Some, to be frank, were a total pain to their lecturers in the first terms, unlikely to stay the course or make the grade.

But, choosing a vocational route, they took learning at a new pace and followed a pathway all the way to degree level without having to leave home and rack up huge debts.

It's a different way of becoming a graduate but not a lesser way.

These graduates in their caps and gowns are beacons of hope to those who don't fit the one-size-fits all comprehensive-to sixth form-to university model.

Not everyone has to take the A level sixth form route to put letters after their name.

The vocational route - qualifications designed with employers - is a route not shouted about enough.

Whatever the feelings about sweaty shifty Nick Griffin's appearance on Question Time, personally the saddest moment for me was explaining to my two children in 2009 what the BNP stood for before he took his place beside politicians as an apparent mainstream party and watching incredulity and upset spread across their faces.

Twenty years, not even a decade ago, would I have believed this even a remote possibility.

It all feels a bit fishy when the Department of Health starts dictating our Christmas lists.

Not content with invading every other area of our lives, Whitehall Mandarins are now setting Father Christmas' agenda for children and adult alike.

It's beginning to feel more like Beijing than Beccles.

The nation would be a better place if we all woke up on Christmas morning to find a Nintendo Wii in our stockings.

The Department of Health is endorsing the Wii Fit and Fit Plus for couch potatoes and Nintendo is putting money into Change4Life.

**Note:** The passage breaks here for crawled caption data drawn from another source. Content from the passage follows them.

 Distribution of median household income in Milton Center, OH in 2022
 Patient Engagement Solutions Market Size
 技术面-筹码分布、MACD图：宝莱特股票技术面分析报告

Hope the Government is getting commission to put back into the NHS to deal with all the joint injuries.

They will probably issue a diktat to all get on them at 6.30 am for a nationwide Tokyo-style motivation work out.

I think I'll stick to chasing the dog. is a dating agency reserved for those at the peak of physical perfection to create a spooky 'worldwide community of beauty.'

As the most beautiful people are often the most tiresome, vain, empty, dull and sometimes nasty, dismissive people it should be a community well worth bypassing.

Uglies should not apply. In my experience the less attractive are the kindest, loveliest, most fun to be with people.

Beautiful people are welcome to each other.

Husband balked when reading that our profile ticked the boxes for the most happy marriage and least likely to divorce.

The secret to a happy marriage is as simple as choosing a wife who is smarter than you and at least five years younger with neither with a divorce under their belts, according to academics at the University of Bath.

I'm five years younger than him and, as a university graduate, can boast higher qualifications.

'If we have the secret I pity the poor people who don't,' he said, quite shell-shocked.

So seven-year-olds are to get careers advice to encourage them to think of the future.

So in 10 years' time there will be queues of boys wanting to be astronauts, train drivers, inventers and fire-fighters and girls wanting to be princesses, snow queens and vets.

Another misguided use of taxpayers' money.

Day after day we see new images of young men ripped apart by bombs in action in Afghanistan leaving them limbless but never hopeless.

If ever was a year for everyone to wear a poppy to display solidarity and put money their way it is this year.

And every school should set aside half a day for every age group to explain exactly what the poppy symbolises and what the appeal means and just what the armed forces sacrifice.

Typical man.

Affronted that his act Danyl was in the X-Factor sing-off, Simon Cowell turned his anger on the women for spending too much time in front of the mirror.

Instead of dealing with his frustration, he summoned Cheryl Cole and Danni Minogue to remind them it was a talent not a fashion show and ordered them, in future, to be preened and ready 30 minutes before curtain up.

His outburst will ring true with many a wife.